Test regular expressions with real-time match highlighting.

What Is a Regular Expression Tester?

A regex tester lets you write a regular expression pattern, apply it to sample text, and see matches highlighted in real time. This is invaluable for developing, debugging, and testing regex patterns before using them in your code. The tool shows all matches, capture groups, and match positions.

How Do I Test a Regex Pattern Online?

Enter your regular expression in the pattern field and paste your test text in the input area below. Matches are highlighted instantly as you type. Toggle flags like global (g), case-insensitive (i), and multiline (m) to modify matching behavior.

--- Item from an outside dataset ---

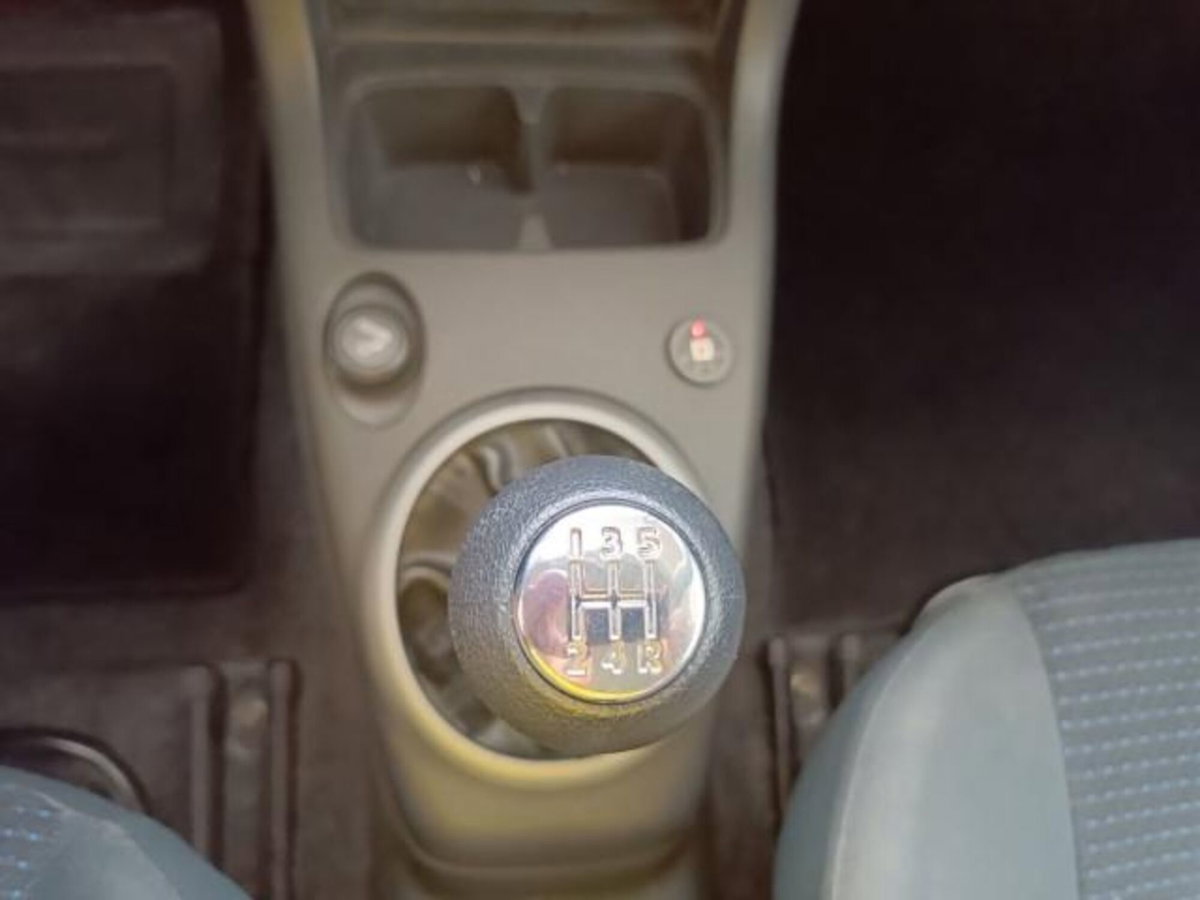 Suzuki Swift 1.3 3p. GL Safety Pack (13)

The tool shows each match with its index position and captured groups.

What Are Common Regex Use Cases?

Regular expressions are used for email validation, phone number formatting, extracting data from log files, search-and-replace operations, URL parsing, input sanitization, web scraping, and data transformation. They appear in virtually every programming language and many text editors.

Why Use an Online Regex Tester Instead of My IDE?

Online testers provide instant visual feedback with syntax highlighting, which is faster than running code and checking console output. They are also useful for sharing patterns with teammates, testing patterns from Stack Overflow answers, and learning regex through experimentation without setting up a project.

What Are the Most Useful Regex Patterns to Know?

Essential patterns include email validation (a simplified version: [a-zA-Z0-9._%+-]+@[a-zA-Z0-9.-]+\.[a-zA-Z]{2,}), US phone numbers (\(?\d{3}\)?[-.\s]?\d{3}[-.\s]?\d{4}), URLs (https?://[\w.-]+(?:\.[\w]{2,})(?:/[\w.-]*)*), and IP addresses (\d{1,3}\.\d{1,3}\.\d{1,3}\.\d{1,3}). Test these patterns in the tool above to see them in action.

What Do Regex Flags Like g, i, and m Mean?

The global flag (g) finds all matches instead of stopping at the first. Case-insensitive (i) matches regardless of letter case. Multiline (m) makes ^ and $ match the start and end of each line rather than the entire string. Dotall (s) makes the dot character match newlines. Combine flags as needed — gi is the most common combination for search-and-replace operations.